--- GIVEN MATERIAL ---

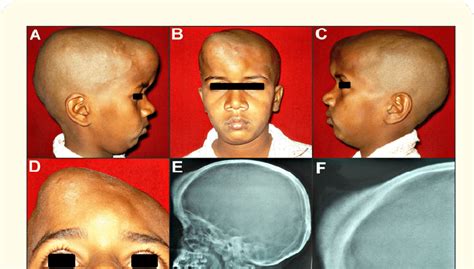 (A, B, C, D) A 11 year old male patient with a large dome-shaped, bony... | Download Scientific ...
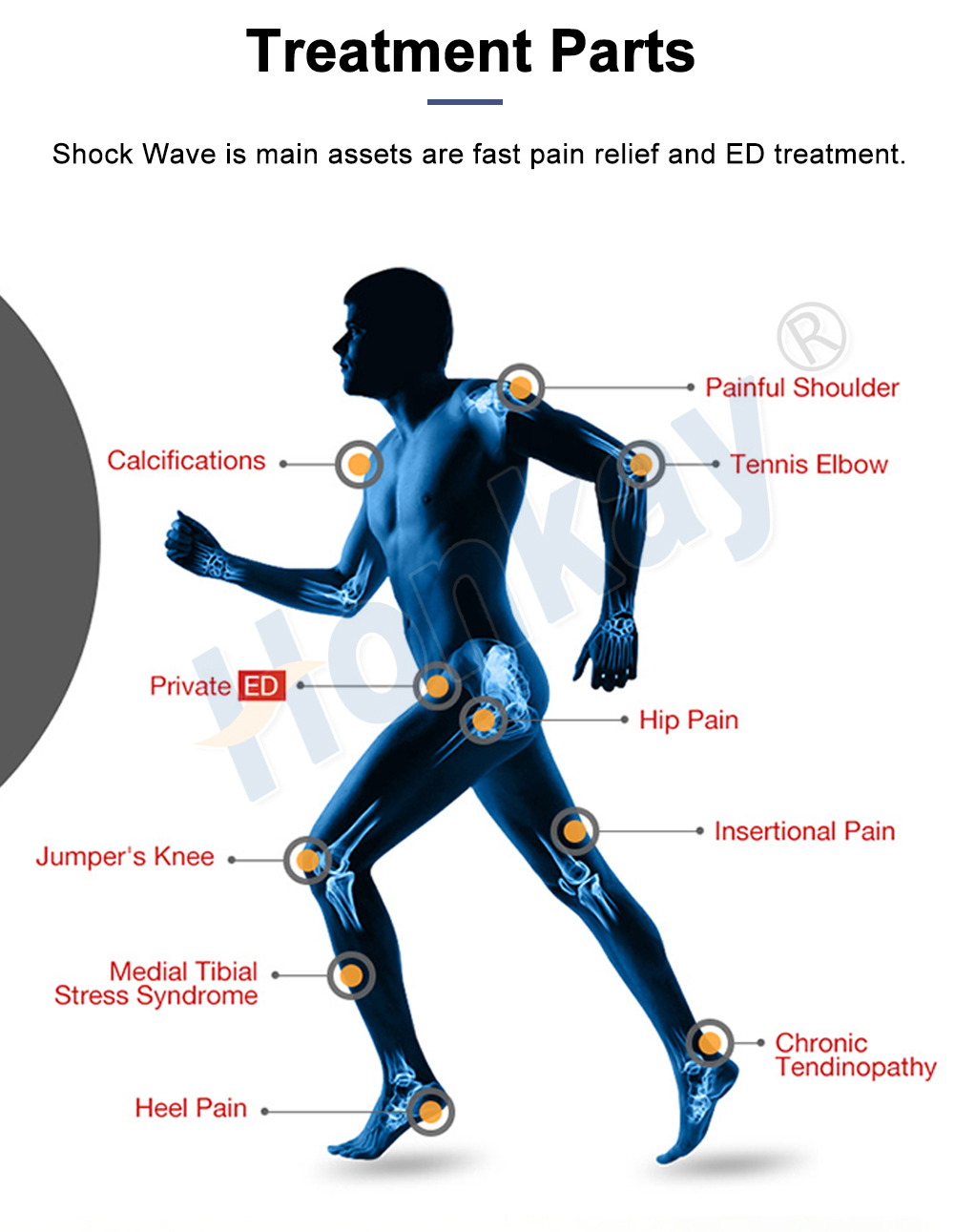 Treatment parts for shockwave therapy shown on a body map with labelled points including painful shoulder, tennis elbow, calcifications, insertional pain, jumper's knee, hip pain, heel pain, medial tibial stress syndrome, chronic tendinopathy and the private ED indication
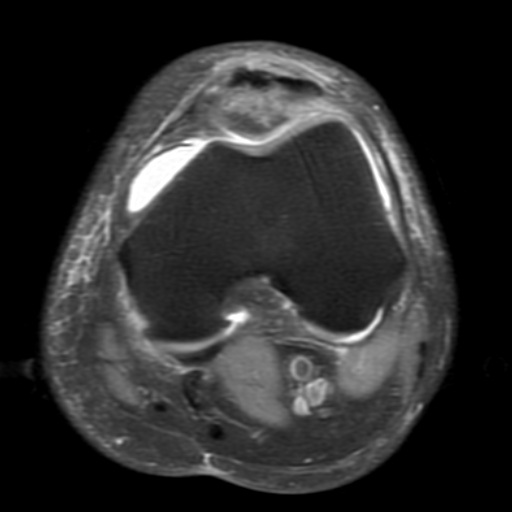 File:Non-displaced patella fracture (Radiopaedia 15932-15582 Axial PD fat sat 10).jpg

---

WHAT YOU ARE ASKED TO DO: It would help to have the listing above repeated exactly, with all images removed.

TASK RESPONSE:
 (A, B, C, D) A 11 year old male patient with a large dome-shaped, bony... | Download Scientific ...
 Treatment parts for shockwave therapy shown on a body map with labelled points including painful shoulder, tennis elbow, calcifications, insertional pain, jumper's knee, hip pain, heel pain, medial tibial stress syndrome, chronic tendinopathy and the private ED indication
 File:Non-displaced patella fracture (Radiopaedia 15932-15582 Axial PD fat sat 10).jpg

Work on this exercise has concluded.